On Palm Sunday, we often think of Jesus Christ entering Jerusalem on a donkey with the Jewish crowds cheering, “Hosanna!” Yet, this story as frequently told, does not do justice to the prophetic power of this story. 

This entrance into Jerusalem has been prophesied in the Old Testament, hundreds of years before Christ.

Zechariah 9:9 says, “Rejoice greatly, O daughter of Zion! Shout aloud, O daughter of Jerusalem! Behold, your king is coming to you; righteous and having salvation is he, humble and mounted on a donkey, on a colt, the foal of a donkey” (ESV).

The King of Zion was supposed to come as other kings of his time did, with their war horses and chariots; yet, Zechariah prophesies of someone ‘humble and mounted on a donkey.’ 

Culturally, donkeys were seen as cheap, everyday work animals. If horses symbolized conquest and status, donkeys were precisely the opposite. But Jesus did not ride into Jerusalem on any donkey, but a ‘colt, the foal of a donkey,’ or a young, unbroken male donkey.

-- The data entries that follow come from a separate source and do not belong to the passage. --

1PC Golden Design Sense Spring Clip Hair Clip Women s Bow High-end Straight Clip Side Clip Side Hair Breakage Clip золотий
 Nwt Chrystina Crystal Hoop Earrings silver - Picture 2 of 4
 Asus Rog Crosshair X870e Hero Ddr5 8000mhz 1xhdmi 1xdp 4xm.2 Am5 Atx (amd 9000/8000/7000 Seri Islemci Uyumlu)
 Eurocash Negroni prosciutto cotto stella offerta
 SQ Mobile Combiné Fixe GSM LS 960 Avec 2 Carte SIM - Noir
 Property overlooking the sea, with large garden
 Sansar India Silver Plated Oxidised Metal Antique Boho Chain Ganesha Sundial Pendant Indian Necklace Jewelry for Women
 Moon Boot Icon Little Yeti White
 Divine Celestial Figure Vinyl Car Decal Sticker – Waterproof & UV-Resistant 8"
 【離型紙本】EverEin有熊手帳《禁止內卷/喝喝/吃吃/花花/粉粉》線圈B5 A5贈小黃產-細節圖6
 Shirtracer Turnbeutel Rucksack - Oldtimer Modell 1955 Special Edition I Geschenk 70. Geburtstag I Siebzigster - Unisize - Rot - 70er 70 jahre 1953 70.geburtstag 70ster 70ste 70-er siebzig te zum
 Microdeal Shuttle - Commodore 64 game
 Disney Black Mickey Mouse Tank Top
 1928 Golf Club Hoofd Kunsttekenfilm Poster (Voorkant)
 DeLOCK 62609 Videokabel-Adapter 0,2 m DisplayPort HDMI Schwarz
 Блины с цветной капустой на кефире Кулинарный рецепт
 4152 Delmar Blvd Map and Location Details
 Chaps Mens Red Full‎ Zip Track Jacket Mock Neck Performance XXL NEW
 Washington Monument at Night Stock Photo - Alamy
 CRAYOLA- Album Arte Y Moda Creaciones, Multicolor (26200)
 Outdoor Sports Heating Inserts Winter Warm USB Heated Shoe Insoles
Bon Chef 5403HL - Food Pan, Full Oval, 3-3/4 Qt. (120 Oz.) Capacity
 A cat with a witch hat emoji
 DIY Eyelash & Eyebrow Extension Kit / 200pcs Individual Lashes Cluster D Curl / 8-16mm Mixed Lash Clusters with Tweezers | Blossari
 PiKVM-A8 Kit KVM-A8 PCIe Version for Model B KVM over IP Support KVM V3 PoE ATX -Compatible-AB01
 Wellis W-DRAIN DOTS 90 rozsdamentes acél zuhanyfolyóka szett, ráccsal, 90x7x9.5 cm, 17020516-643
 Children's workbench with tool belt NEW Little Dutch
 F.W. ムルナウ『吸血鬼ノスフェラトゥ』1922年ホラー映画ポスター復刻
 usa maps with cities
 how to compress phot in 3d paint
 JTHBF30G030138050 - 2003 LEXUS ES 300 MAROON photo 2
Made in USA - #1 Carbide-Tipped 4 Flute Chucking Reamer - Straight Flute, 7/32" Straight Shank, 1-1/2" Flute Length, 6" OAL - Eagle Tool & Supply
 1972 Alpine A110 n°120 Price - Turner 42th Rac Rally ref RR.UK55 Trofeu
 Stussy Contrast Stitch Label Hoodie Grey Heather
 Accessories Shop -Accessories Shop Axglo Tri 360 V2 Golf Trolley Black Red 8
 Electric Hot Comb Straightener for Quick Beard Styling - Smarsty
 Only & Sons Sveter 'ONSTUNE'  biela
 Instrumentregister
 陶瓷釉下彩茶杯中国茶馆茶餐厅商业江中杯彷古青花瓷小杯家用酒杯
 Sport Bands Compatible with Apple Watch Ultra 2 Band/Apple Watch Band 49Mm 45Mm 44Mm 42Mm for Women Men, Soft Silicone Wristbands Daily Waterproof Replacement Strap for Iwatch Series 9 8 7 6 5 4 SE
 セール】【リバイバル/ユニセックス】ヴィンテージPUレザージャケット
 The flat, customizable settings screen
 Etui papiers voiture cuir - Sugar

In fact, Matthew 21:7 provides added context that the disciples “brought the donkey and the colt and put on them their cloaks, and he [Christ] sat on them.” The young colt had never been ridden before and was probably restless, so the disciples brought the mother donkey with them and put their own cloaks on the young donkey as a cover for Jesus to sit on. In short, Jesus rode into Jerusalem on a donkey, which is humbling (or humiliating) enough already, but more specifically, a young donkey that had never been ridden before, sitting on his disciple’s sweaty cloaks. 

The one who comes as King chooses not only humility, but the lowest form of it. Christ’s entrance displays a humility intensified to the point of discomfort, even humiliation. In doing so, the Son of Man (the title that Jesus most often referred to himself as), reveals what true humanity looks like. Humanity, as we live it, strives upward, toward recognition, power, control. But Christ, in restoring humanity, moves downward. 

Palm Sunday, then, is not simply the celebration of a coming king. It is the unveiling of a different kind of kingship and a different vision of humanity that we are invited to live into. This Palm Sunday, let us remember the humble king, not as a contrast to power, but as its redefinition.